Что-то похожее на сочувствие мелькнуло в глазах собеседницы, но она промолчала, и, кивнув мне в ответ, поспешила дальше. По пути нам встретилось несколько девушек, спешащих в том же направлении. Они бросали на меня любопытные взгляды, но в присутствии монахини никто так и не осмелился что-то сказать.
Трапезная представляла собой просторный зал, условно разделённый на две половины. В одной части, ближе к входу, расположились ряды столов для воспитанниц. В другой находились места для монахинь с главным столом для настоятельницы и старших сестёр, что стоял на небольшом возвышении. Когда мы вошли, гул голосов стих, и все взгляды, как воспитанниц в серых платьях, так и монахинь в чёрных одеяниях, обратились в нашу сторону.
– Это леди Гвендолин Леваньер, – объявила сестра Бертрада. – Новая воспитанница. Приветствуйте её, как подобает.
– Добро пожаловать, леди Гвендолин, – нестройным хором отозвались девушки, в их голосах я уловила множество разных эмоциональных оттенков от любопытства и недоумения до насмешки и чего-то ещё, чему я так и не смогла дать определение.
Сестра Бертрада указала на свободное место:
– Садитесь там, леди Гвендолин. Леди Элизабет, леди Мэри и леди Клара будут вашими соседками по столу.
Я медленно прошла между рядами, чувствуя на себе взгляды десятков глаз. Моя хромота, казалось, усилилась под этим пристальным вниманием. Когда я подошла к указанному месту, три девушки, видимо, те самые Элизабет, Мэри и Клара – демонстративно отодвинулись, освобождая мне пространство. Вернее, создавая между нами дистанцию.
Я села, стараясь не обращать внимания на их переглядывания и слишком демонстративные попытки не касаться моей одежды. Одна из них, худенькая брюнетка с острым носом, прошептала что-то своей соседке, и та хихикнула, прикрыв рот ладонью.
Матушка Агата появилась у главного стола через пять минут и подняла руки:
– Возблагодарим Господа за пищу нашу насущную…

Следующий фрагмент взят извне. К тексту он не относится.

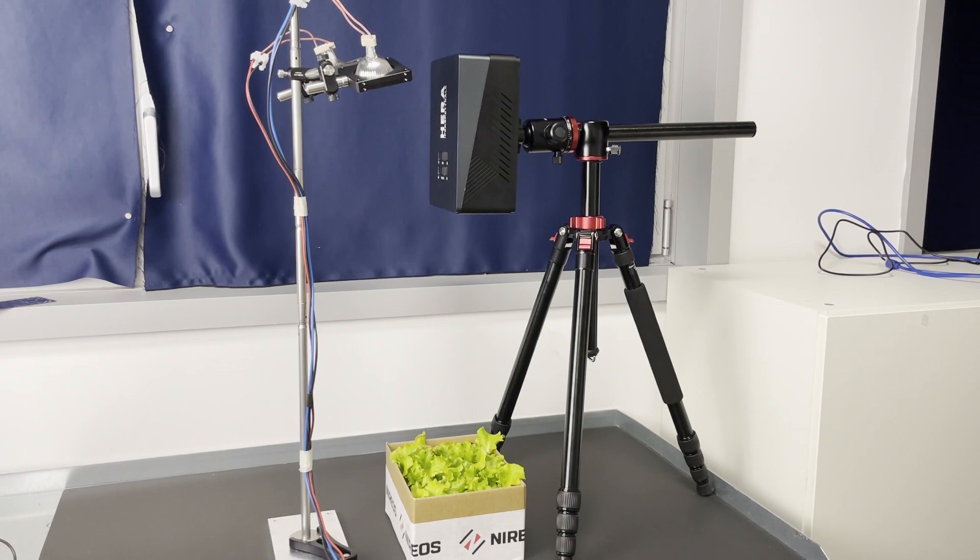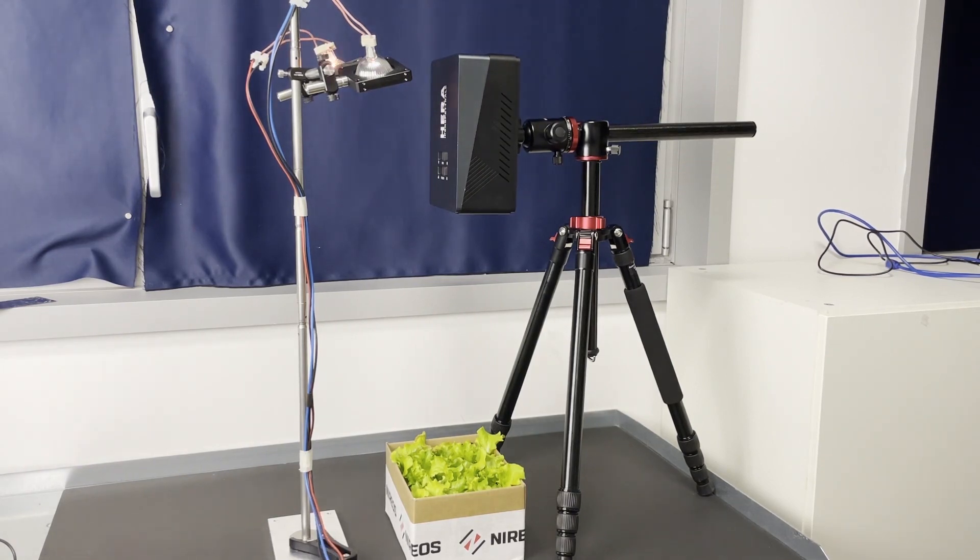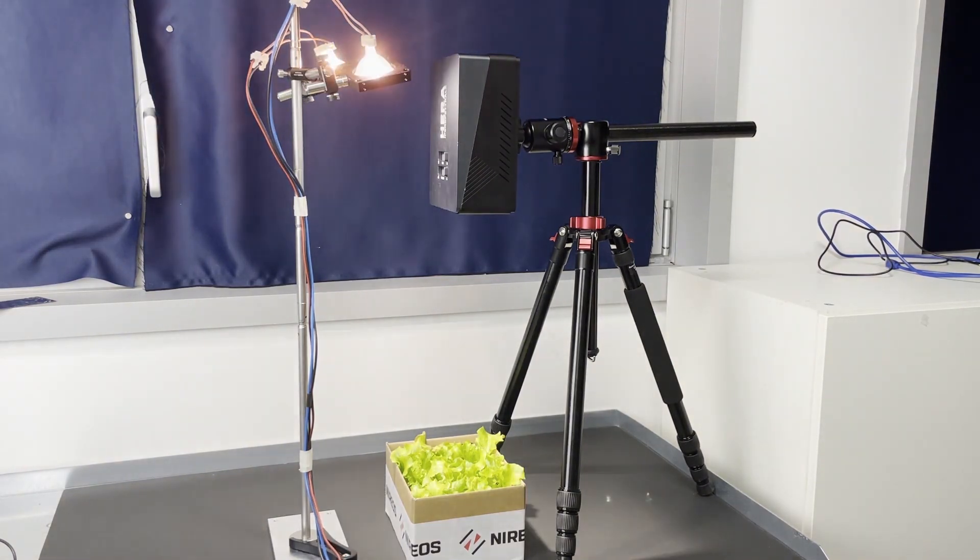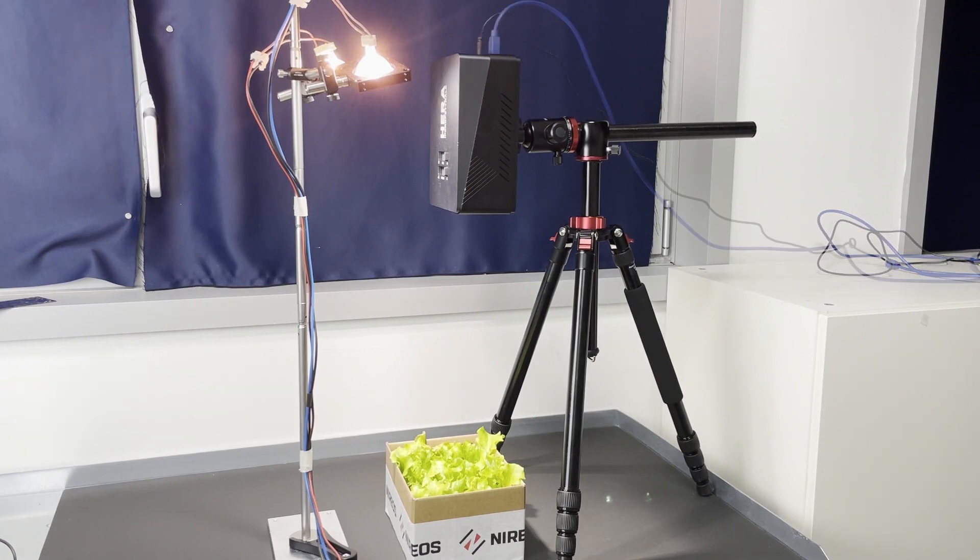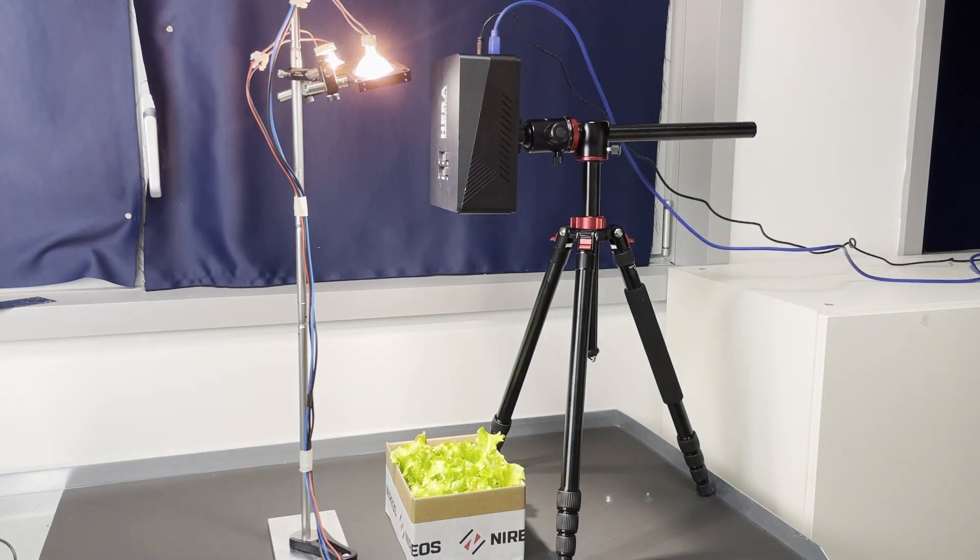In this case, as a sample, we have chosen salad leaves, and so we are going to measure the reflectance spectrum. Now everything is ready for the measurement.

Молитва длилась недолго, и вскоре на столах появились простые деревянные миски с густой грибной похлёбкой с луком, куски чёрного хлеба и глиняные кружки с водой. В сравнении с трапезами замка Леваньер, где к грибным блюдам непременно подавали мясо или рыбу, сливочное масло и сыр, здешняя еда казалась особенно скудной – лишь суп без каких-либо дополнений. Ирония заключалась в том, что буквально за стенами аббатства раскинулся роскошный сад, полный спелых ягод, сочных фруктов и свежих овощей. Горькое осознание пришло внезапно: все эти дары священной земли, цветущей вопреки вечной пелене над нами, предназначались явно не для наших желудков.
Позже я узнала от одной из девушек, что роскошный урожай с монастырских садов почти полностью отправлялся ко двору Его Величества, другая, куда меньшая часть – отсылалась Верховному Епископу в Аргентум.
"Плоды земные служат высшим целям," – любила повторять настоятельница Агата. Этой "высшей целью", видимо, было поддержание здоровья сильных мира сего.
Впрочем, мне ли привередничать? Частенько меня запирали в башне и несколько дней кормили пустой водой с коркой хлеба.
Отогнав назойливые мысли, я потянулась за ложкой, и тут одна из девушек, та самая брюнетка, словно случайно толкнула мою руку. Ложка выпала и с громким стуком упала на пол.
– Ой, прости, – сказала она с наигранным сожалением. – Я не заметила твою… руку.
– Ничего страшного, – ответила я, неуклюже наклоняясь, чтобы взять предмет.